Três anos depois de ter respondido à Advocatus que Portugal estava obcecado com a corrupção, Rui Costa Pereira assume que “não mudaria uma vírgula do que disse” na altura. “Um diferente Governo com um diferente suporte partidário não mudou minimamente essa obsessão política, sem que haja sinais de frutos efetivos dessa escolha“, afirma o associado coordenador da MFA Legal.

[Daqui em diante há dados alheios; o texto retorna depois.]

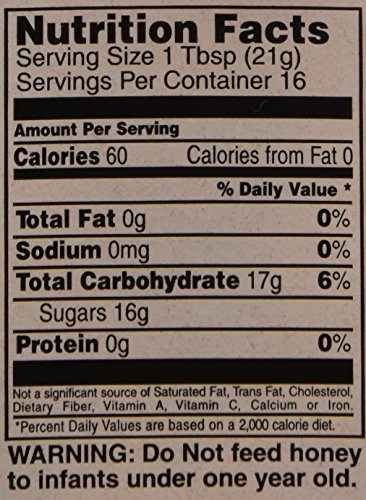 Gunter's Clover Honey Bears, 12 Oz - Medaid International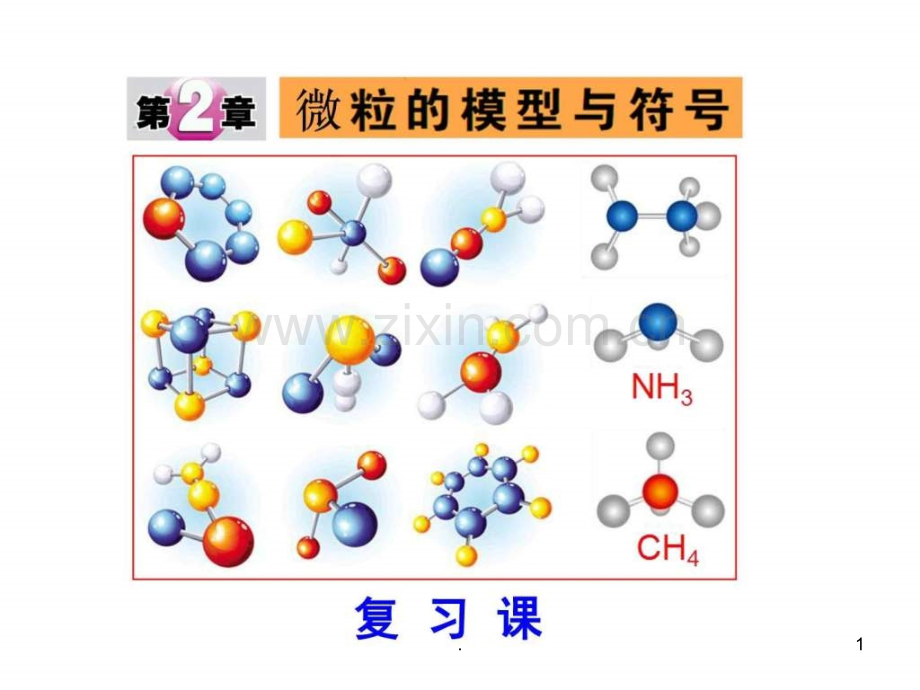 第二章微粒的模型与符号复习.ppt_第1页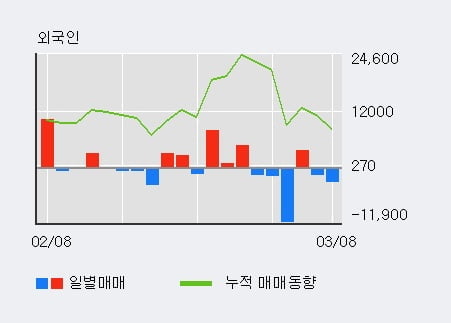 (주)화승알앤에이 이미지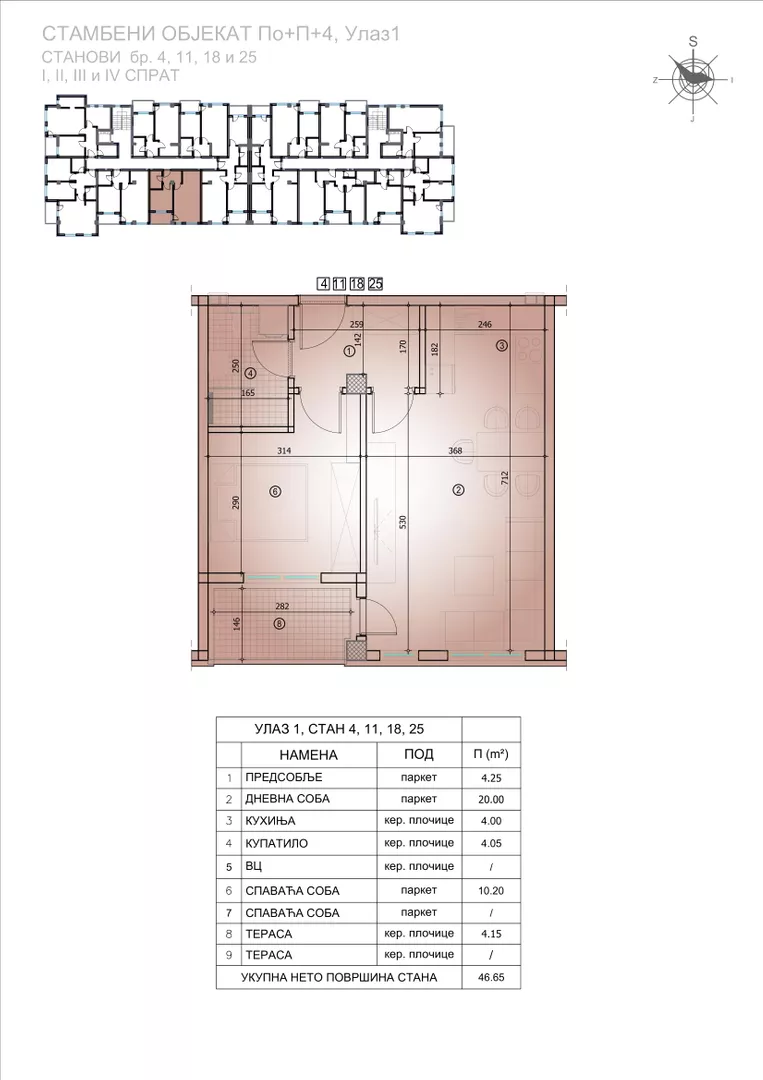 Jednoiposoban stan | 4zida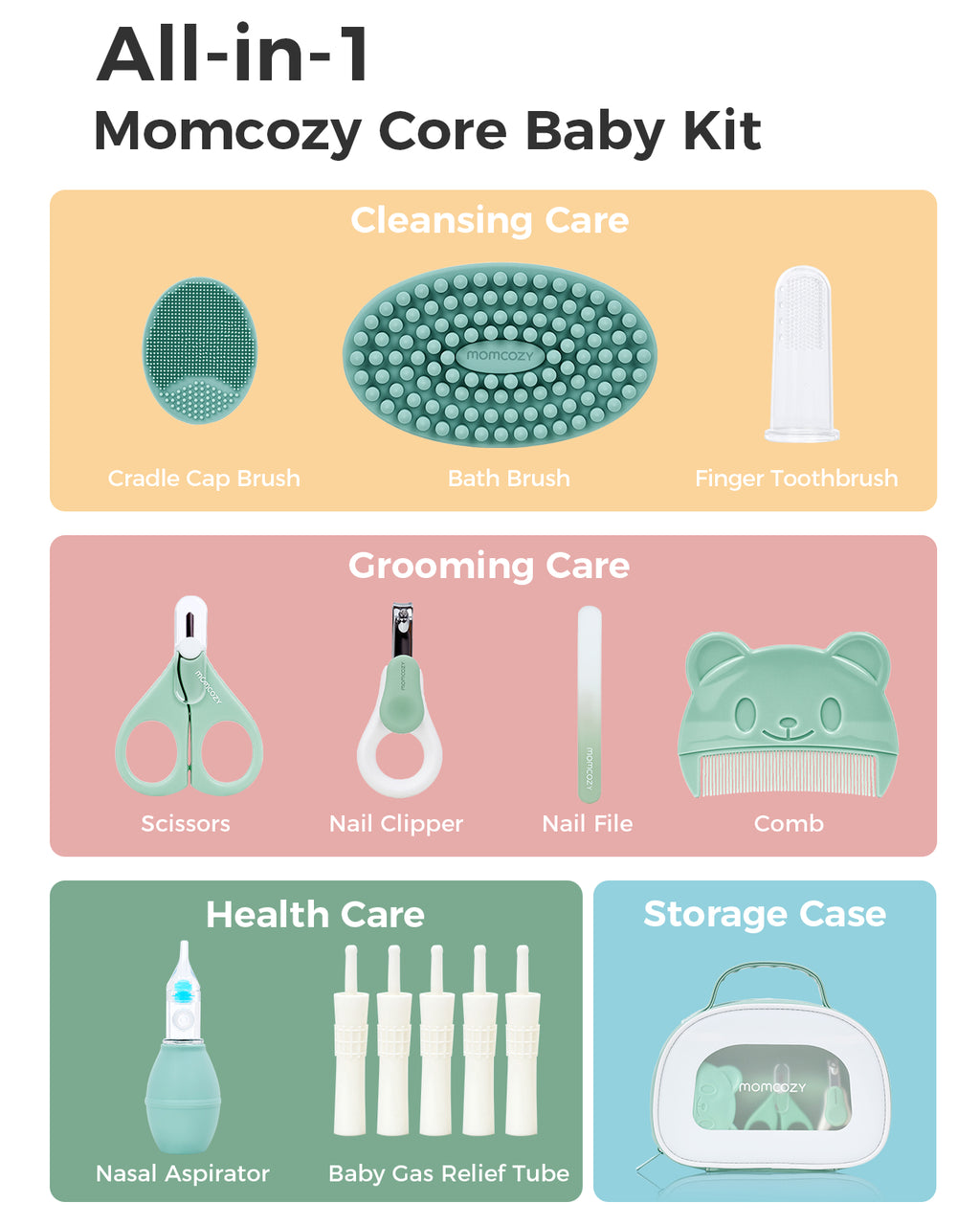 Momcozy All-in-1 Core Vauvan Hoitosetti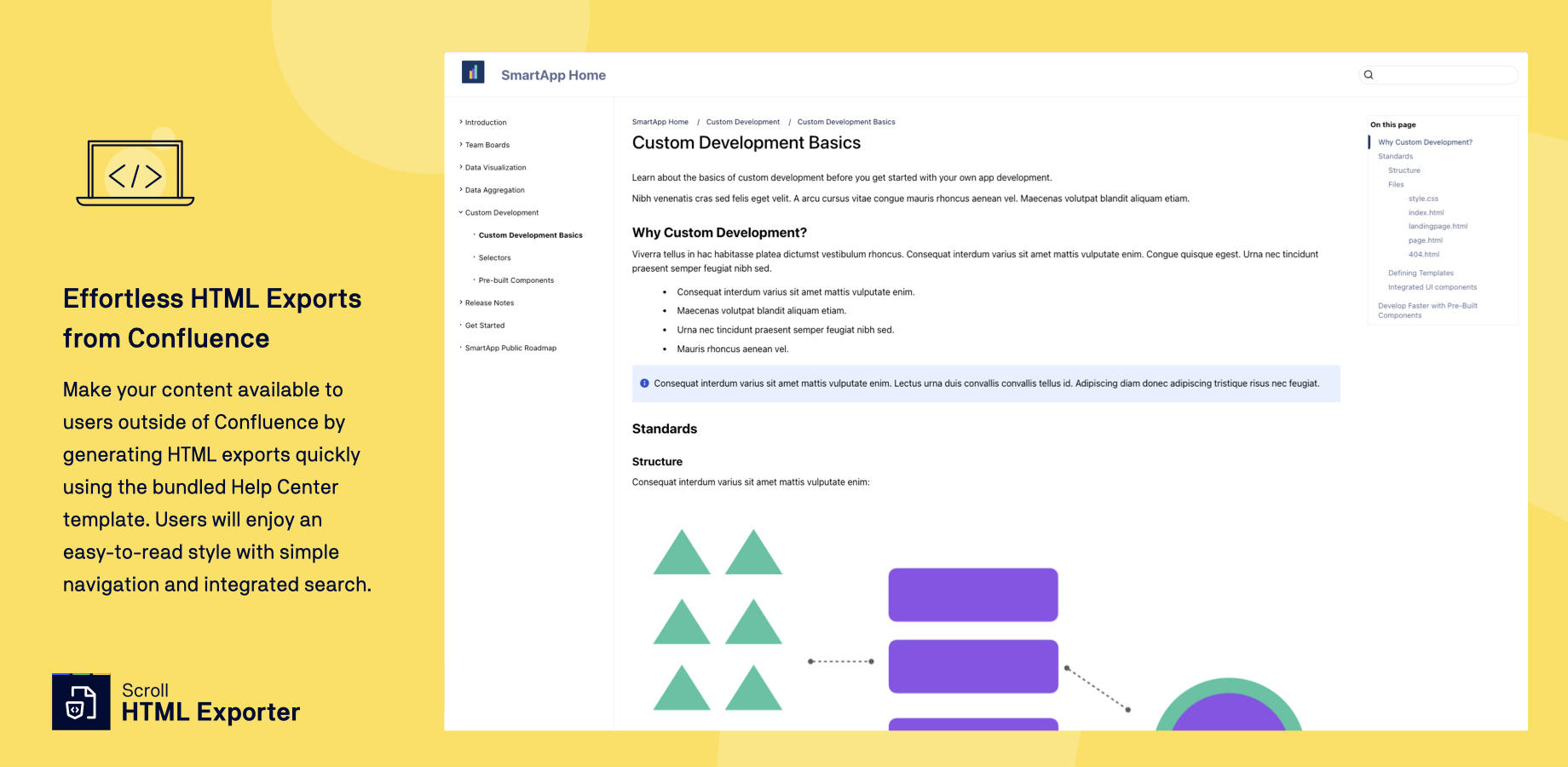 Make your content available to users outside of Confluence by generating HTML exports quickly using the bundled Help Center template. Users will enjoy an easy-to-read style with simple navigation and integrated search.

A mediatização intensa tende a reduzir a confiança pública, principalmente quando as notícias revelam apenas o lado menos bom do funcionamento da justiça, ao destacar atrasos, arquivamentos ou decisões complexas sem contexto.

Ana Raquel Conceição

Of counsel da Antas da Cunha Ecija

Uma coisa é certa, os advogados consideram que a mediatização de casos de corrupção influencia a confiança nas instituições judiciais. “A mediatização intensa tende a reduzir a confiança pública, principalmente quando as notícias revelam apenas o lado menos bom do funcionamento da justiça, ao destacar atrasos, arquivamentos ou decisões complexas sem contexto, criando perceção de ineficácia”, explica a of counsel da Antas Cunha Ecija Ana Raquel Conceição.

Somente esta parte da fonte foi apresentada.